● **Data supplied**
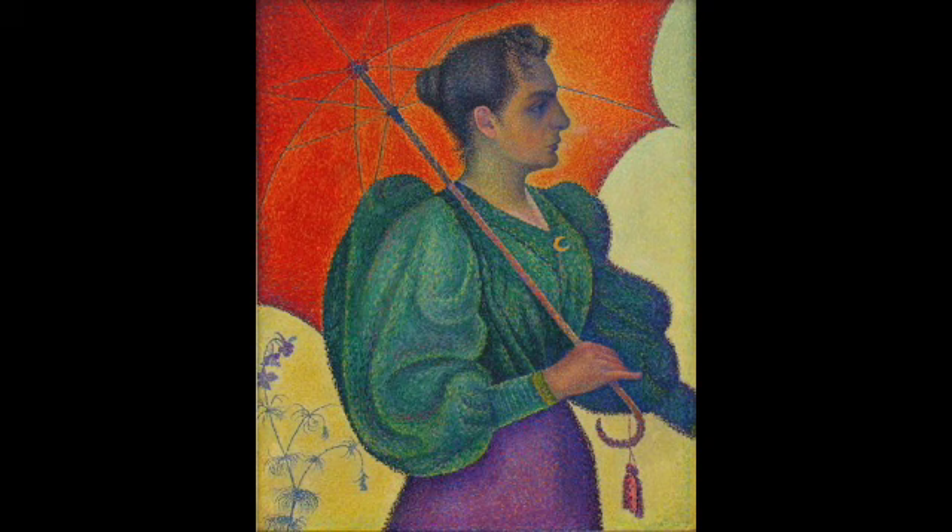If you look at this Signac painting here, you'll notice that if you go up close to it, many of the brush strokes are actually more pure colors. From a distance we see, for example, the umbrella — there are areas where it goes reddish into purple, and others where it comes more to orange and then into yellow.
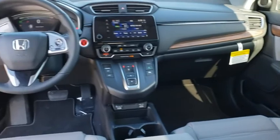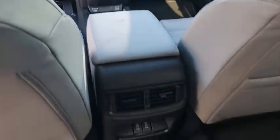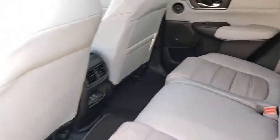Lane departure warning, Bluetooth, leather-wrapped steering wheel, power steering, adjustable steering wheel, keyless start, floor mats, auto-dimming rear view mirror, four-wheel disc brakes.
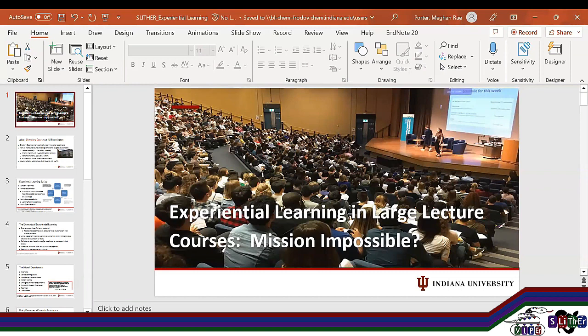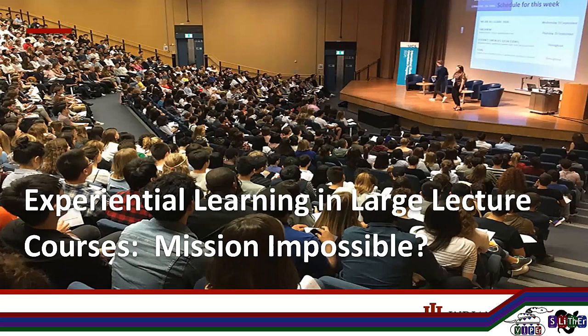Let me go ahead and share my screen. It's been so long since I've had to share anything on Zoom — it's kind of nice. So this is kind of what my teaching looks like. This is not me; I'm not on stage, but I definitely teach in classrooms that are actual theaters with stages. And this is about what my students look like.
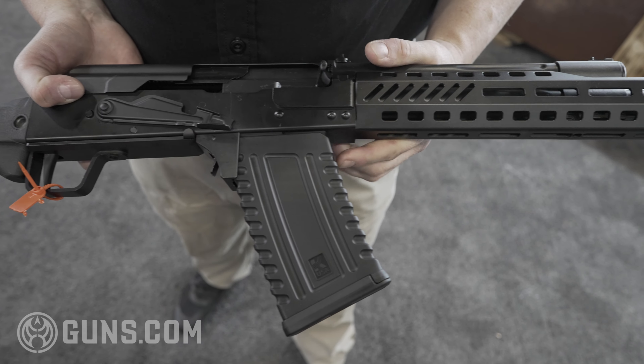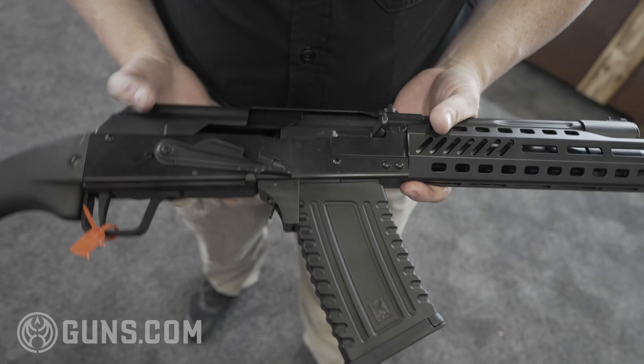Hey, it's Evan with KalashnikovUSA.com at Shot Show 2022. Right here I'm holding our brand new CHAOS — K-H-A-O-S — 12-gauge firearm. What you have here is our TRS Tactical Rail System, made by us, M-LOK proprietary. It will also work on all the Saiga shotguns. Once again, this is a 12-gauge firearm — no tax stamp needed.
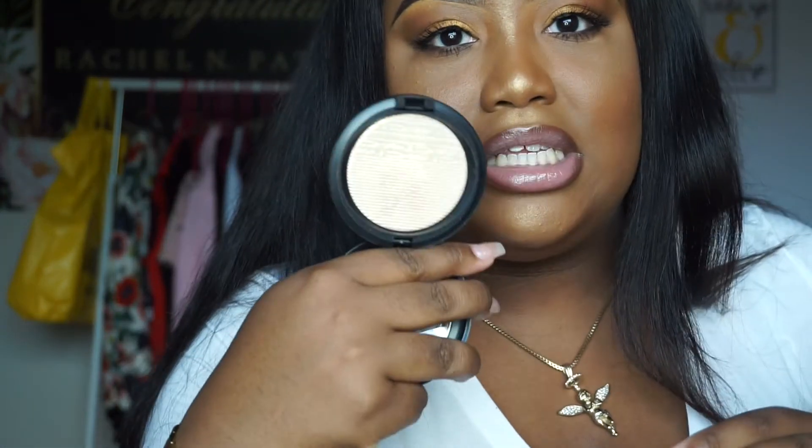The last item is the MAC Extra Dimension Skin Finish in Beaming Blush — I use it as a highlighter and it is gorgeous. I was actually going to sell it but I used it again and said hold up, honey! This is a swatch and it's on my hand — gorgeous, and I have it on today. I love it — it looks like skin, it looks so freaking good. It came out with a collection. That's going to conclude this haul — thank you so much for tuning in and I hope you guys really enjoyed it!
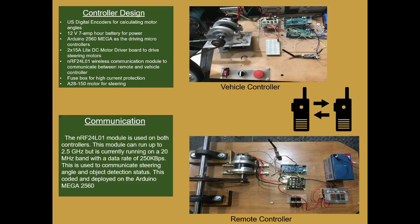For the communication aspect, two NRF24 antennas are used, running at a 20 megahertz band frequency with a data rate of 250 kilobits per second. This is used to communicate the steering angle and the object detection status.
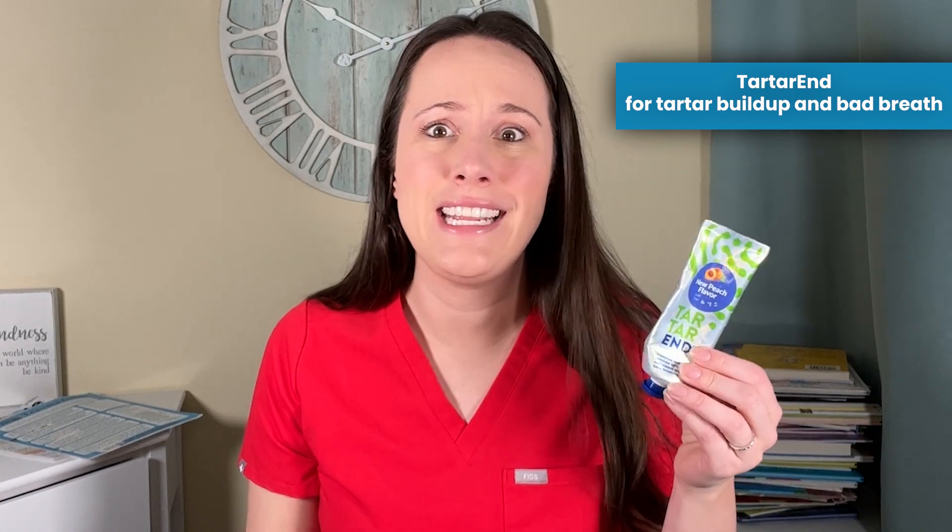The last toothpaste I like is called Tartar End. This is not an ADA-approved toothpaste and does not have fluoride, so I use it alongside one of my other fluoride toothpastes. What it does is break down bonds between tartar and your tooth and between tartar pieces. I love this when I'm starting to get buildup on my bonded orthodontic retainer. Over time, you'll notice pieces of tartar start to break off. I've emailed a lot with the creator — he's a chemist. There aren't any studies yet that I know of, but if you struggle with tartar buildup, this could be a really cool toothpaste to try.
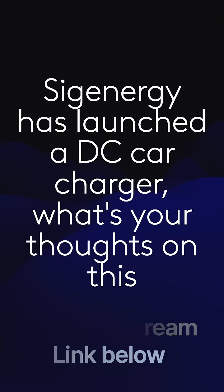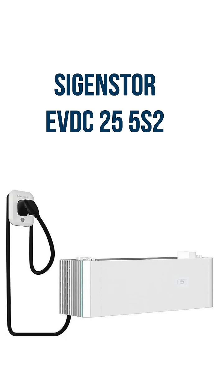This was actually something I was having a conversation about this morning — the concept of DC car chargers. If you've got a SIG energy battery, one of the modules you can buy for the SIG energy battery stack is this DC car charger. The concept behind it is you fill your batteries up, your batteries are full of DC energy, you plug your car in. It might take a small amount of energy from the grid, but it'll take the rest from the batteries and provide pure DC power to your car.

● **Task instructions**
Take the listing above and restate it word for word, without its pictures.

● **Task response**
If you look at this Signac painting here, you'll notice that if you go up close to it, many of the brush strokes are actually more pure colors. From a distance we see, for example, the umbrella — there are areas where it goes reddish into purple, and others where it comes more to orange and then into yellow.
Lane departure warning, Bluetooth, leather-wrapped steering wheel, power steering, adjustable steering wheel, keyless start, floor mats, auto-dimming rear view mirror, four-wheel disc brakes.
Let me go ahead and share my screen. It's been so long since I've had to share anything on Zoom — it's kind of nice. So this is kind of what my teaching looks like. This is not me; I'm not on stage, but I definitely teach in classrooms that are actual theaters with stages. And this is about what my students look like.
Hey, it's Evan with KalashnikovUSA.com at Shot Show 2022. Right here I'm holding our brand new CHAOS — K-H-A-O-S — 12-gauge firearm. What you have here is our TRS Tactical Rail System, made by us, M-LOK proprietary. It will also work on all the Saiga shotguns. Once again, this is a 12-gauge firearm — no tax stamp needed.
The last item is the MAC Extra Dimension Skin Finish in Beaming Blush — I use it as a highlighter and it is gorgeous. I was actually going to sell it but I used it again and said hold up, honey! This is a swatch and it's on my hand — gorgeous, and I have it on today. I love it — it looks like skin, it looks so freaking good. It came out with a collection. That's going to conclude this haul — thank you so much for tuning in and I hope you guys really enjoyed it!
For the communication aspect, two NRF24 antennas are used, running at a 20 megahertz band frequency with a data rate of 250 kilobits per second. This is used to communicate the steering angle and the object detection status.
The last toothpaste I like is called Tartar End. This is not an ADA-approved toothpaste and does not have fluoride, so I use it alongside one of my other fluoride toothpastes. What it does is break down bonds between tartar and your tooth and between tartar pieces. I love this when I'm starting to get buildup on my bonded orthodontic retainer. Over time, you'll notice pieces of tartar start to break off. I've emailed a lot with the creator — he's a chemist. There aren't any studies yet that I know of, but if you struggle with tartar buildup, this could be a really cool toothpaste to try.
This was actually something I was having a conversation about this morning — the concept of DC car chargers. If you've got a SIG energy battery, one of the modules you can buy for the SIG energy battery stack is this DC car charger. The concept behind it is you fill your batteries up, your batteries are full of DC energy, you plug your car in. It might take a small amount of energy from the grid, but it'll take the rest from the batteries and provide pure DC power to your car.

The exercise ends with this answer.